The arterial oxygen tension (PaO2) was measured at rest. Exercise capacity was also tested using the best of two 6-min walking distance (6MWD) tests separated by at least 30 min following the ATS recommendations (Citation19). The body mass index (BMI) was calculated as the weight in kilograms divided by the square of the height in meters. Dyspnea was evaluated by the modified Medical Research Council (mMRC) scale (Citation20). The BODE (Body Mass Index, Airflow Obstruction, Dyspnea, Exercise Performance) Index was calculated as previously described (Citation21). To quantify the degree of co-morbidity we used the Charlson index (Citation22). All patients were clinically stable (no exacerbation for at least 6 weeks) at the time of evaluation. Patients were excluded if they had history of other respiratory diseases like asthma or bronchiectasis.
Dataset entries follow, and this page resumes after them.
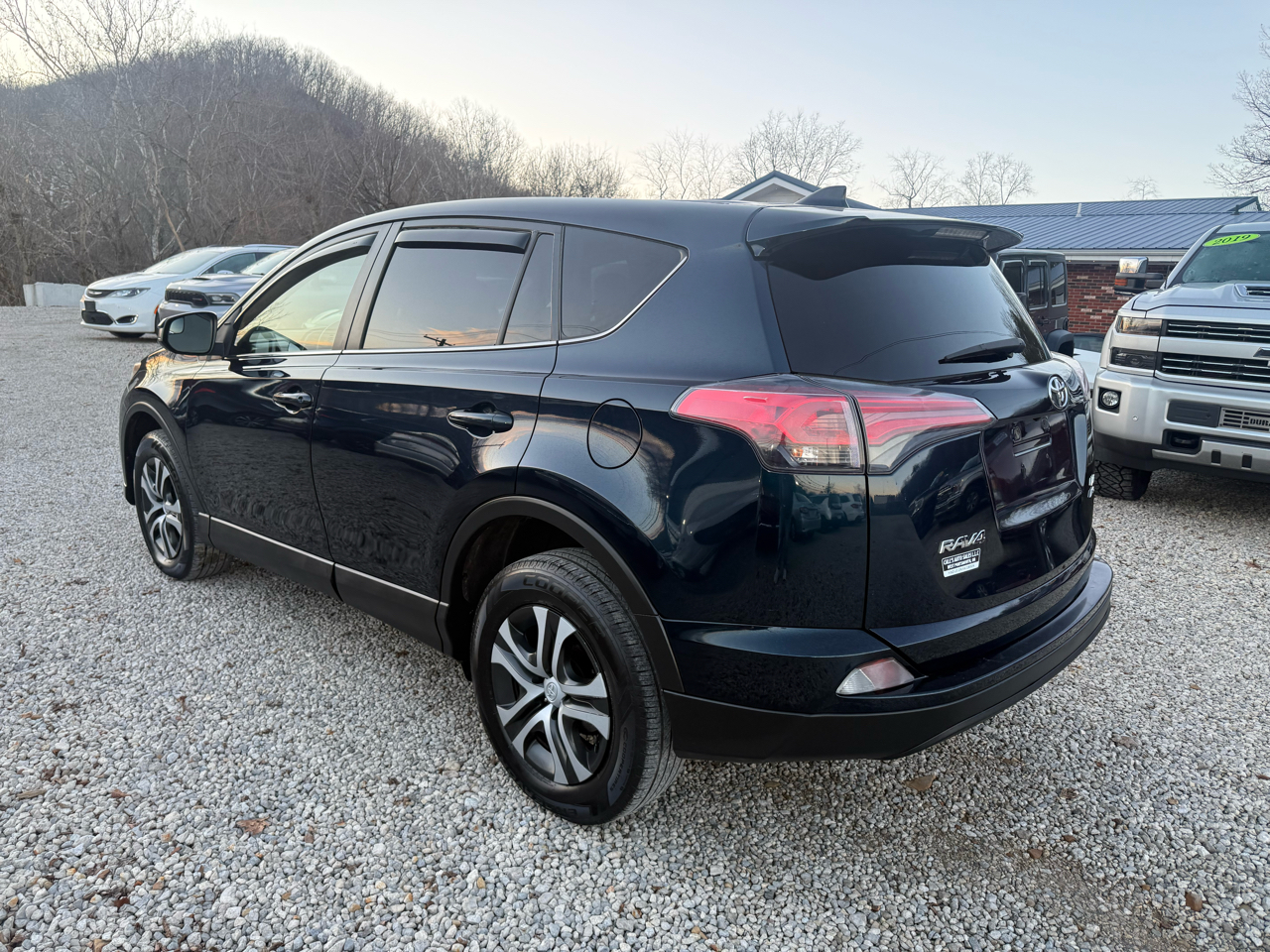 Toyota RAV4 LE AWD 2018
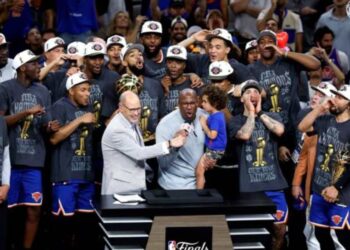 Świętowanie tytułu „New York Knicks” w Nowym Jorku przerodziło się w zamieszki: kibice zaatakowali autobusy wahadłowe Maroka i Brazylii, jest osoba ranna.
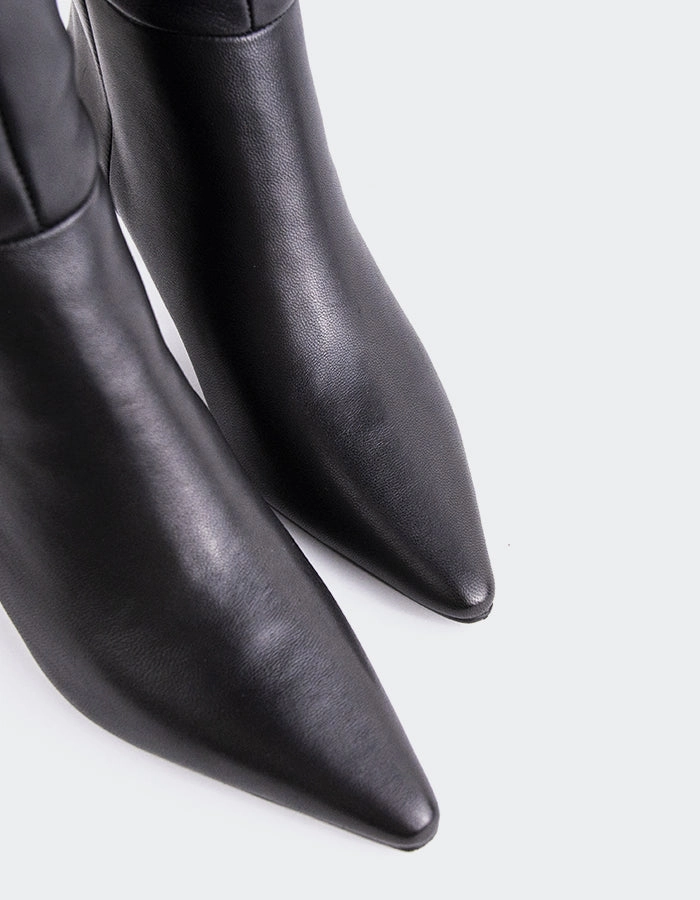 Lorenzie Black Leather Chukka Work Boots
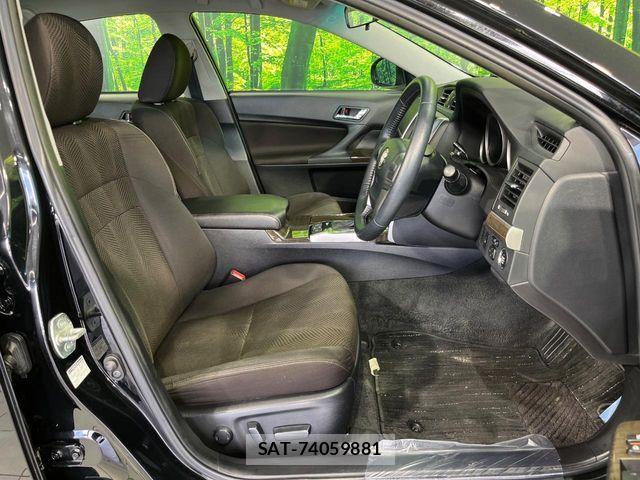Toyota MARK X 2014-10 7221264-7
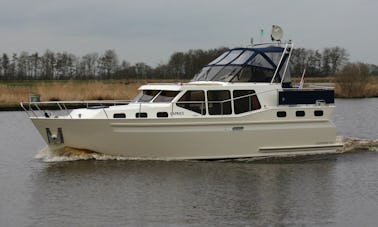 35ft "Caprice" Vacance Motor Yacht Rental in Friesland, Netherlands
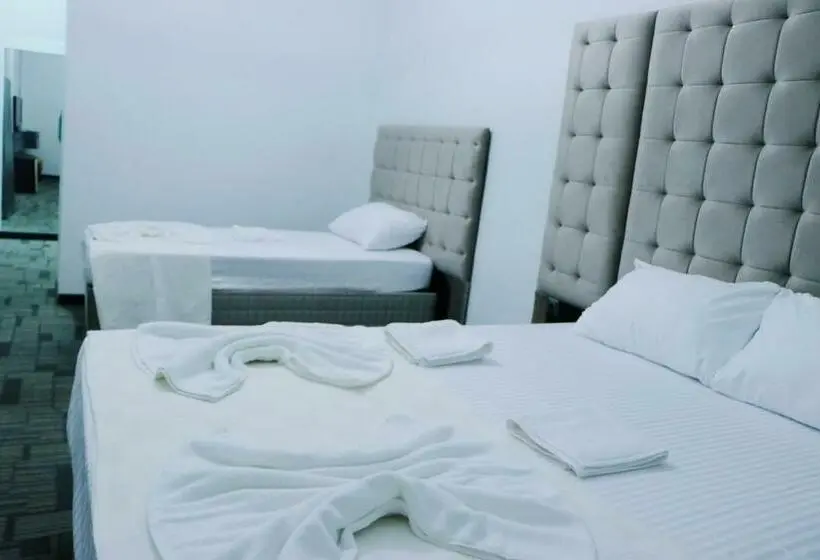 Standard Kolmen Hengen Huone, Taksim By Rich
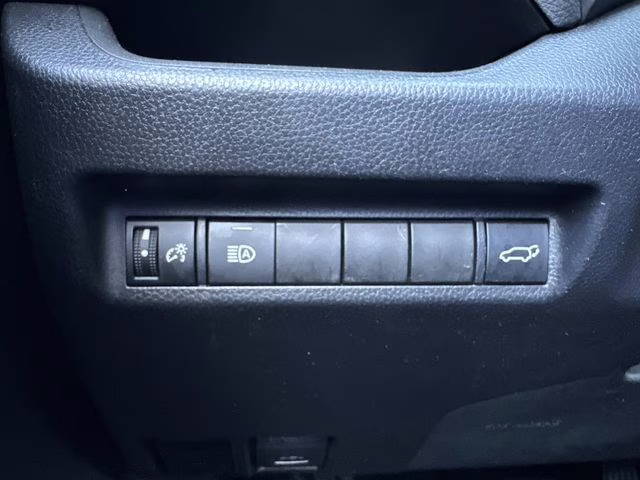 2019 Super White Toyota RAV4 XLE FWD SUV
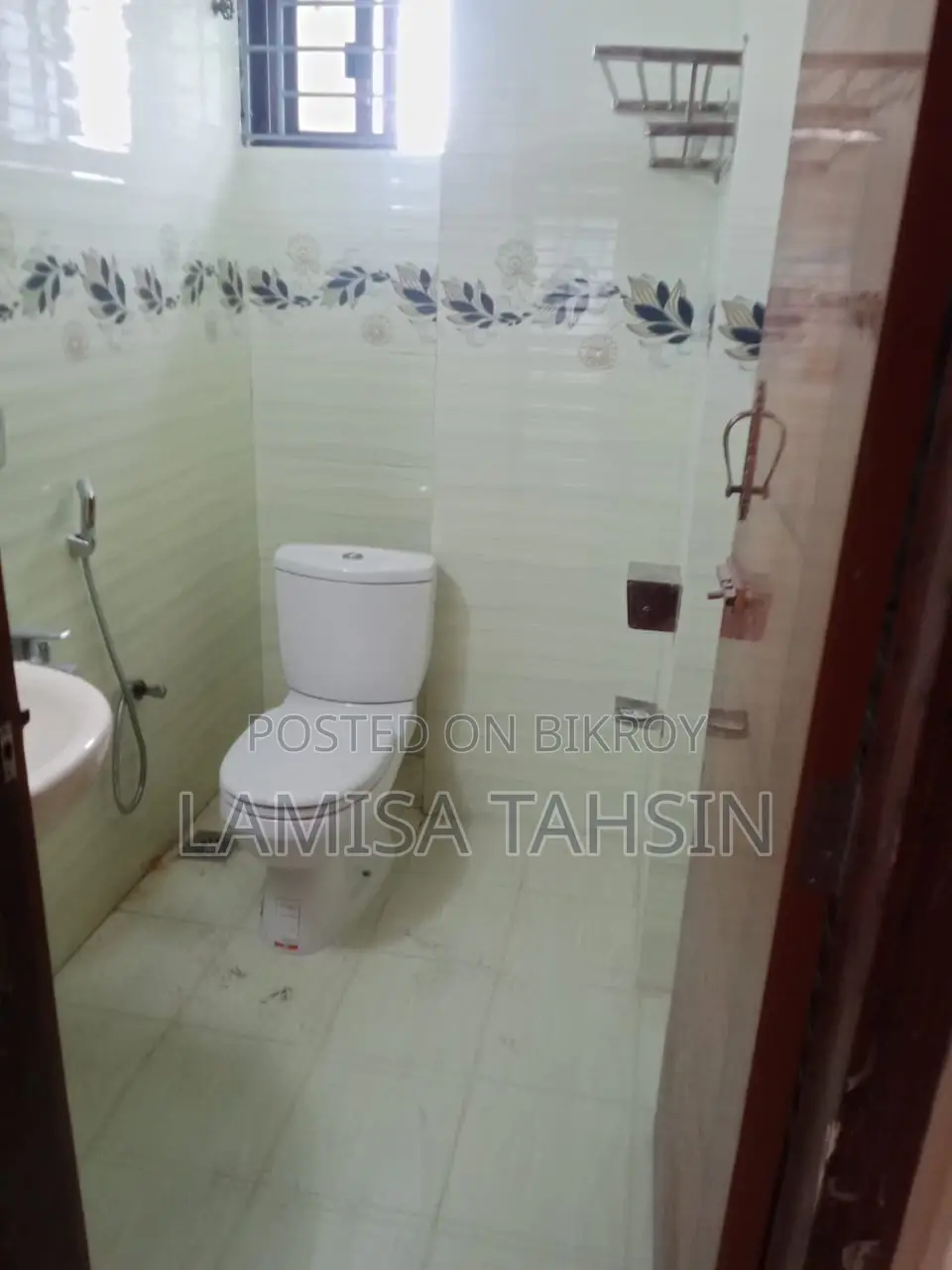 Office/Commercial Space to Rest in Khulna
As a control group we included 452 individuals ­without respiratory disease and no smoking history from an on-going general adult population cohort named CDC project in the Canary Islands (Citation23). Finally, the third group included 96 current smokers with a cumulative smoking history of > 10 pack-years and normal lung function (FEV1 > 80%; FEV1/FVC ≥ 0.70). In order to minimize any possible effect of population structure on our estimations, cases and controls were recruited if they have at least two generations of Canarian ancestry (Citation24). The Ethics Committee of Clinical Investigation of the Hospital approved this study (approval No. 36) and written informed consents were obtained from all ­subjects.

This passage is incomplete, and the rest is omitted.